The New Cyprus Controversy: Oil

Cyprus is inviting offers to exploit billions of barrels of offshore oil,heating up the controversy over the economic isolation of Turkish-Cypriots


The Cypriot government has raised Turkish ire by issuing an international tender for oil and gas exploration off its southern coast.

The offshore-licensing tender begins on February 15 and industry giants such as BP, Exxon and Mobil have shown an interest, requesting seismological data prepared by Oslo-based Petroleum Geo-Services (PGS), an oil-prospecting company.

Offshore oil and gas resources surrounding Cyprus in the past have been reportedly estimated at six billion to eight billion barrels, worth about $400 billion at current market rates. But there are no reliable figures.

Turkey has filed a demarche with the Lebanese government over an agreement signed by Cyprusand Lebanon on January 19 to divide the sea area between the two countries into exclusive economic zones. Egypt was also warned not to pursue a similar deal it had signed with Cyprus previously.

"Turkey is determined to protect its rights and interests in the Eastern Mediterranean and will not allow attempts that would erode them," the Turkish foreign ministry said in a statement

The Turkish military denied a report by Agence France Press on February 1 that it had sent warships towards Cyprus in response to the deal.
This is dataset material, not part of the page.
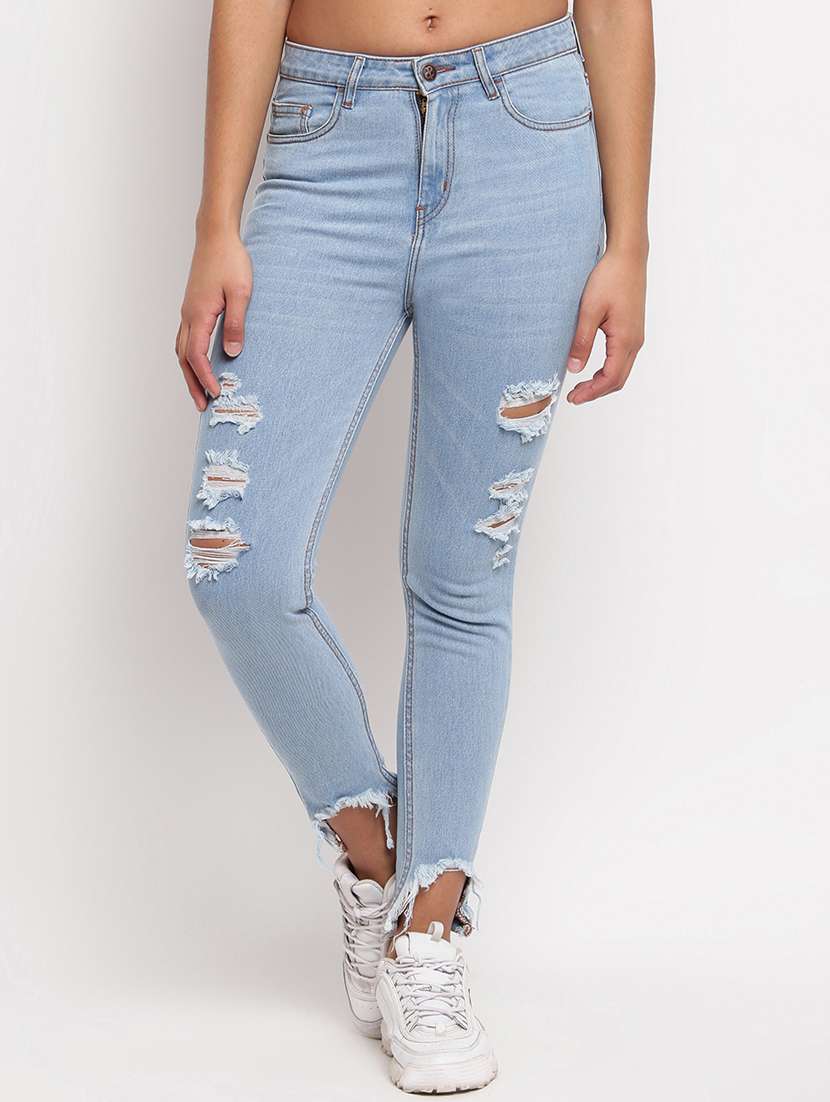 frayed hem stone washed jean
The Greek government weighed in to accuse Ankara of violating international law by attempting to interfere with Cypriot exploration plans.

"(It) is in total contradiction with international law and the right of sovereign government to negotiate international agreements," foreign ministry spokesman George Koumoutsakos said.

The accord was signed after secret yearlong negotiations by Cypriot Foreign Minister George Lillikas and Lebanese Public Works Minister Mohammed Al-Safadi (Nicosia agreement with Egypt was signed in 2005, and Egypt has just conducted a drilling in its economic exploitation zone).

Cypriot President Tassos Papadopoulos pointed out that the sea area in question is to the southeast of the island republic, which lies at the underbelly of Turkey, and not between Cyprus and Turkey. "In all cases when we start negotiations, Turkey's presence is strong, and this is why it is best that something goes forward before it is made public," Papadopoulos said, explaining the confidentiality of Lebanon-Cyprus negotiations.

Turkey argued that it should have been consulted before any agreement because Cyprus also has "a Turkish area". A 1974 invasion by Turkey carved a Turkish-Cypriot self-styled state in the northern third of the island, which remains internationally unrecognised.

Publicly, it was Turkish-Cypriot leader Mehmet Ali Talat who initially questioned the legitimacy of Cyprus' right to exploit exclusively the island's offshore oil resources.

In a statement issued on January 29, spokesman Hasan Ercakica declared that "the attempt of the Greek-Cypriot side to sign agreements with neighbouring countries is unacceptable". The statement echoed Talat's earlier thinly veiled threats that Cyprus' oil exploitation deals would cause "tensions" on the island.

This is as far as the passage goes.